■ What to produce:
Whatever appears in the entries must be given again exactly.
____
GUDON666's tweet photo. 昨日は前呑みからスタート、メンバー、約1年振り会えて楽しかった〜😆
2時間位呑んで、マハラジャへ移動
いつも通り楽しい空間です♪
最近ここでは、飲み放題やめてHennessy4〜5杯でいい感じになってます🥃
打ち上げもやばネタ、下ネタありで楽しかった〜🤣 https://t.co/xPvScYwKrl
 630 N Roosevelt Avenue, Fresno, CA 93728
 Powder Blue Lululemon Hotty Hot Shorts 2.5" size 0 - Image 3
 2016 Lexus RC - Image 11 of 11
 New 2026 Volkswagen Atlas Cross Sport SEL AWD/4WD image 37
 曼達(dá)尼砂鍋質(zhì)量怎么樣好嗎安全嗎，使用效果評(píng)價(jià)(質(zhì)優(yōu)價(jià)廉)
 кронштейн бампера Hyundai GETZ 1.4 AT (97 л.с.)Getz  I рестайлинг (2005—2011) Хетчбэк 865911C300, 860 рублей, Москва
____
■ Response:
GUDON666's tweet photo. 昨日は前呑みからスタート、メンバー、約1年振り会えて楽しかった〜😆
2時間位呑んで、マハラジャへ移動
いつも通り楽しい空間です♪
最近ここでは、飲み放題やめてHennessy4〜5杯でいい感じになってます🥃
打ち上げもやばネタ、下ネタありで楽しかった〜🤣 https://t.co/xPvScYwKrl
 630 N Roosevelt Avenue, Fresno, CA 93728
 Powder Blue Lululemon Hotty Hot Shorts 2.5" size 0 - Image 3
 2016 Lexus RC - Image 11 of 11
 New 2026 Volkswagen Atlas Cross Sport SEL AWD/4WD image 37
 曼達(dá)尼砂鍋質(zhì)量怎么樣好嗎安全嗎，使用效果評(píng)價(jià)(質(zhì)優(yōu)價(jià)廉)
 кронштейн бампера Hyundai GETZ 1.4 AT (97 л.с.)Getz  I рестайлинг (2005—2011) Хетчбэк 865911C300, 860 рублей, Москва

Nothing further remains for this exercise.